- Brief
Nothing should appear in the answer except the lines below from the line containing "EDA001776401E_4.jpg@f4e75ceb60e26642a9cf3a5db39f27b6" through the line containing "Alphonse Mouzon - The Essence Of Mystery", copied exactly, with pictures left out.

- Provided records

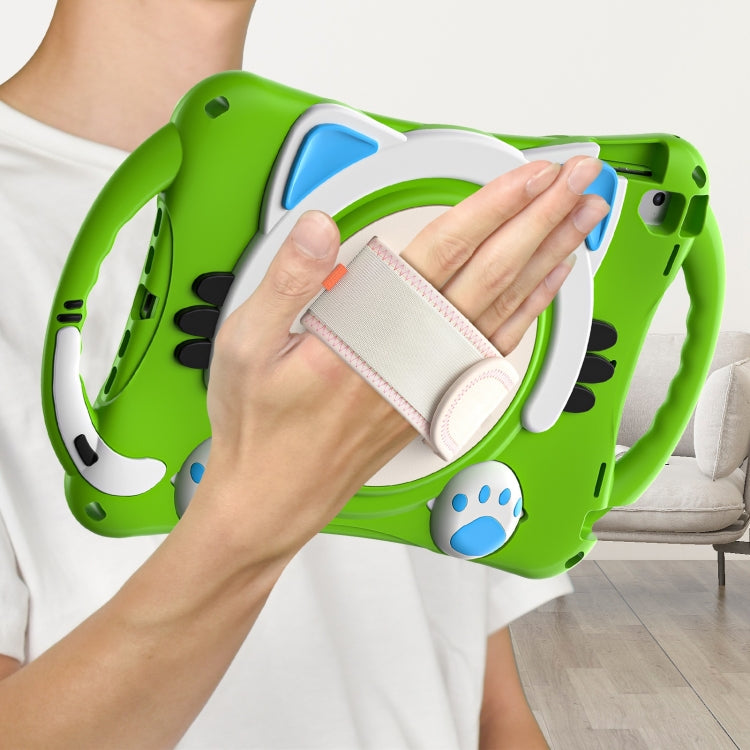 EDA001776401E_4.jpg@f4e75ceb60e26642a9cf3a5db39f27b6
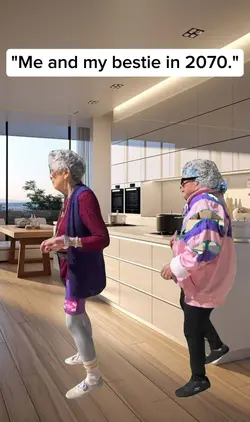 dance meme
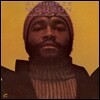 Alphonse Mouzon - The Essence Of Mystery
...
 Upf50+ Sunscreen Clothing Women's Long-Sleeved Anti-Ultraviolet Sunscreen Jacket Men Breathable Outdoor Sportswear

- Response area
 EDA001776401E_4.jpg@f4e75ceb60e26642a9cf3a5db39f27b6
 dance meme
 Alphonse Mouzon - The Essence Of Mystery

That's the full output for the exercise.